Work required: Set every line of the data down again exactly, and keep the pictures out.

Data block:

════════

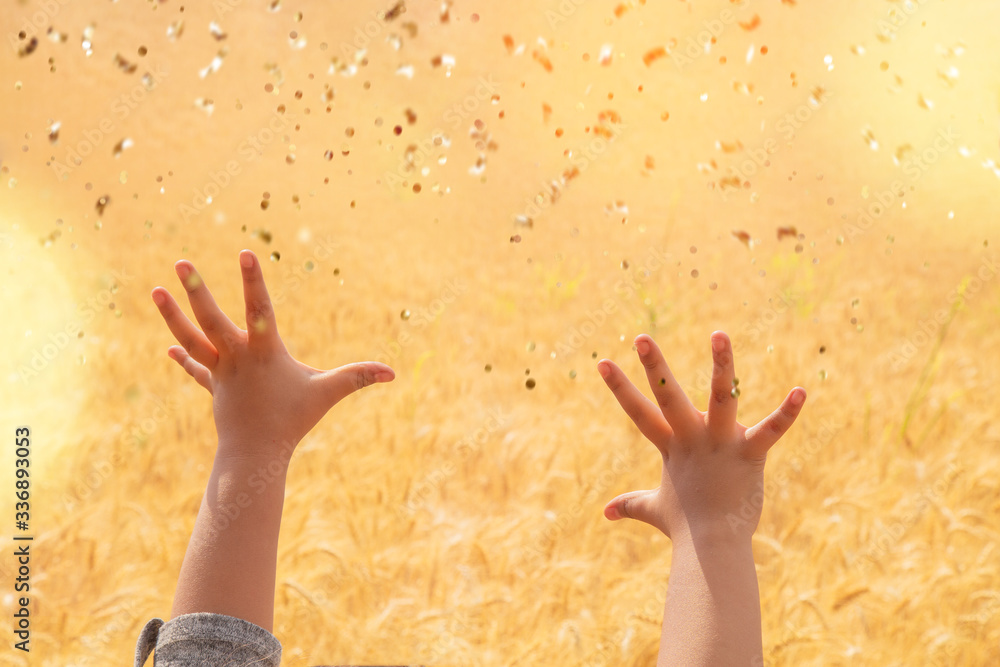 girl raising her hands in the wheat field during the sunset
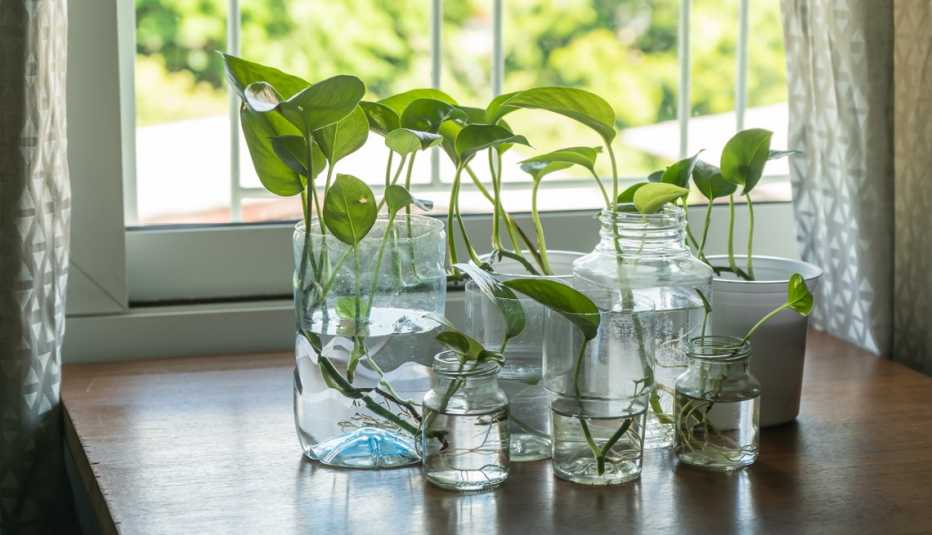glass jars with golden pothos in them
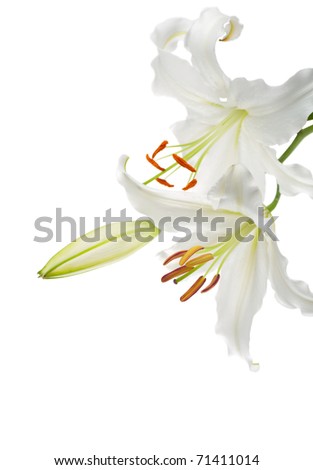 flowers pictures lilies. Flowers white lilies on a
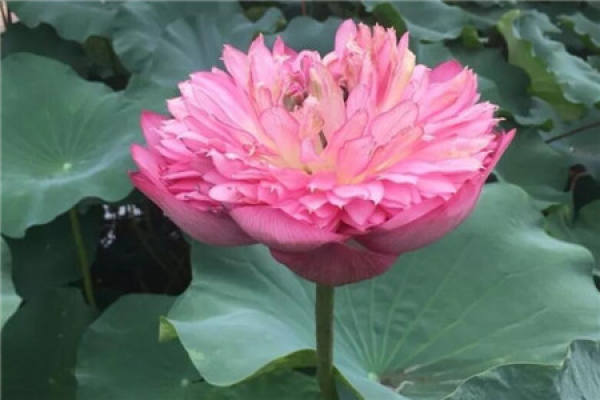 Lotus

════════

Solution to this task:
 girl raising her hands in the wheat field during the sunset
glass jars with golden pothos in them
 flowers pictures lilies. Flowers white lilies on a
 Lotus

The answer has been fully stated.